De maneira geral, podemos dizer que os ajustes de volume aconteceram de maneira
bastante individual. Por exemplo, temos o loc. 04 aumentando a intensidade em 10dB, em
média, quando expressa a crítica, enquanto o loc. 03 adota um registro de volume mais baixo
do que o neutro para a expressão atitudinal. Desse modo, não pontuamos uma tendência a ser
seguida para esse parâmetro quando os locutores expressaram crítica e acreditamos que a
intensidade funcione de maneira mais individualizada. Vale ponderarmos que, assim como
para a F0, os valores de desvio padrão apontam uma maior variação de intensidade quando os
locutores expressaram a crítica.
5.7.2 Características gerais da ironia
Procuramos, neste trabalho, mostrar como os locutores políticos se direcionam a seus
adversários em situações de debate eleitoral. Nas análises discursivas, notamos que duas
atitudes são expressas nesses momentos de maneira mais recorrente: a crítica, encontrada na
fala dos quatro locutores analisados, e a ironia, expressa, sobretudo, pelo loc. 02. Após
apresentarmos o cotejamento dos resultados obtidos para a crítica, passaremos, nesta seção, às
características gerais da ironia.
As análises realizadas ao longo deste trabalho nos mostraram que parece não haver
uma tendência geral a ser seguida na expressão da ironia, assim como mostrado por Ferreira
(2015). Antes de procedermos às discussões, vale observarmos que apenas o loc. 02
expressou essa atitude mais de uma vez, o que nos permitiu realizar uma análise descritiva um
pouco mais detalhada. Portanto, após obtermos as médias, sintetizaremos o que foi mais
relevante na fala desse locutor no gráfico abaixo.
133
Gráfico 12: pontos de F0 mais relevantes para a caracterização da ironia
para o loc. 02.
É valido ponderarmos que, apesar de os valores de F0 mínimo e de tessitura não
figurarem no gráfico, ambos também foram maiores na ironia. Optamos por apresentar aqui
somente as médias de F0 inicial, de F0 final, de F0 máxima e média de F0, pois nesses pontos
notamos que as mudanças prosódicas foram mais expressivas. Como a análise do gráfico
sugere, os registros de F0 foram bem maiores na ironia, se confrontadas com o neutro, assim
como observou Ferreira (2015) ao estudar a ironia.

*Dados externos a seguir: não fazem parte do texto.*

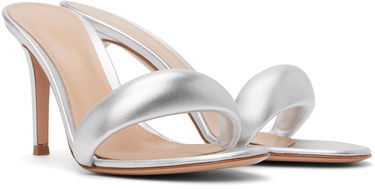Sneakers och skor Gianvito Rossi Bijoux 85 Leather Heeled Sandals Metallisk | G18550-85RIC-NPS, 3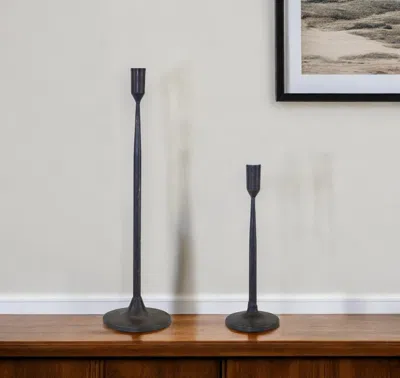 Hivvago Set Of Two Black Distressed Metal Tabletop Taper Candle Holders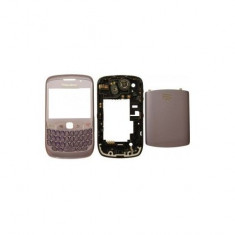 Carcasa BlackBerry 8520 Curve violet 1A (Fata, mijloc / miez, geam, capac baterie / spate, butoane de volum laterale, tastatura) NOUA foto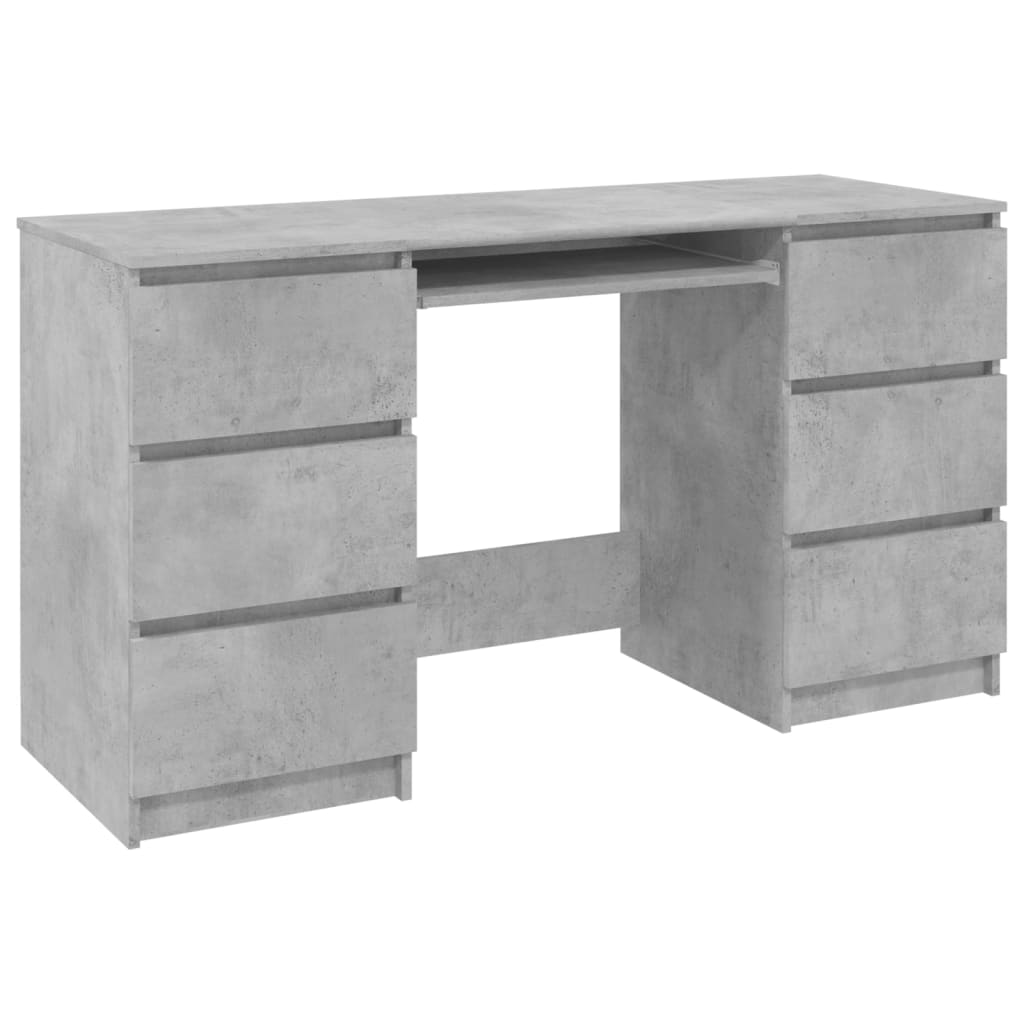 Writing Desk Concrete Grey 140x50x77 cm Engineered Wood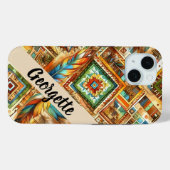 Kleurrijke Native American Print iPhone Case (Achterkant (horizontaal))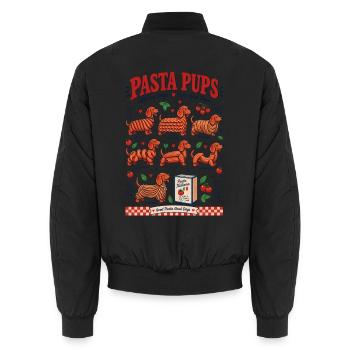 Pasta Pups Dachshund  - Unisex Bomberjacke - Schwarz - Hinten - AI Model Male 185 light (185cm)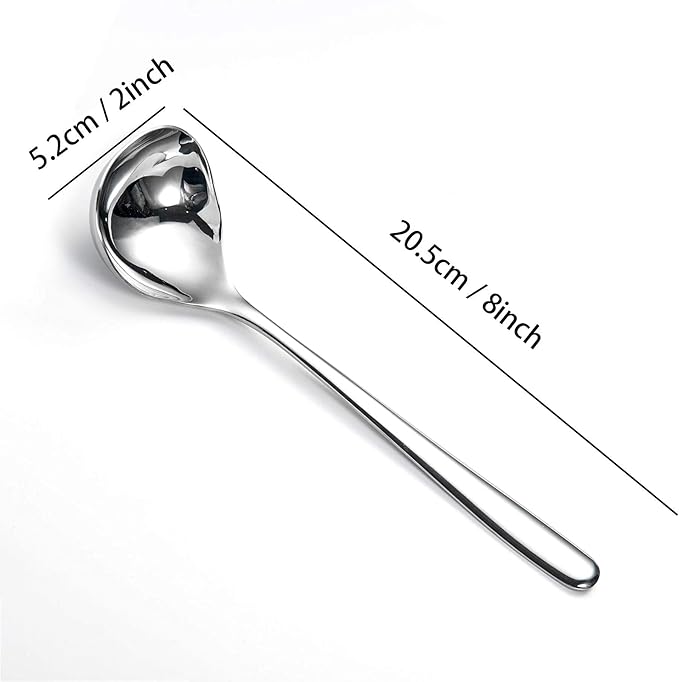 IMEEA 8-Inch Small Ladles for Serving Sauce SUS304 Stainless Steel Gravy Ladle Soup Spoon, Set of 4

Novamente, vale observarmos que os valores de desvio padrão encontrados para a
ironia sinalizam uma maior variação de F0 na expressão da ironia em relação aos enunciados
atitudinalmente neutros.
Quanto aos movimentos finais, encontramos predominantemente um movimento
descendente, que também se realiza em níveis mais altos de F0, enquanto os valores de
frequência fundamental foram mais baixos para o neutro (cf. gráfico 2).
No que respeita à duração, temos uma fala mais lenta para o loc. 02, caracterizada por
uma menor taxa de articulação e de elocução, além de sílabas pretônicas e tônicas finais mais
longas. Na ironia, encontramos pausas na fala desse locutor, com duração média de 209ms.
Outra característica da ironia na fala desse locutor foi a presença de prolongamentos de
sílabas tônicas para efeitos de sentido, cuja duração média foi de 483ms, quando as demais
tônicas tiveram duração média de 192ms.
134
Após sumarizarmos as principais características da ironia para o loc. 02, salientamos
que, na fala dos locutores 01 e 03, encontramos apenas uma ocorrência dessa expressão
atitudinal18
, construídas, acusticamente, de maneiras diferentes.
Observando a curva de F0, vemos que o loc. 03, assim como o loc. 02, aumentos os
valores desse parâmetro, enquanto a estratégia adotada pelo loc.01 para expressar ironia
consistiu em utilizar registros de frequência mais baixos em relação ao neutro. Assim, não
observamos um único padrão melódico a ser seguido na expressão da ironia por esses
locutores.
Ao nos atermos às taxas de articulação e de elocução dos enunciados irônicos do loc.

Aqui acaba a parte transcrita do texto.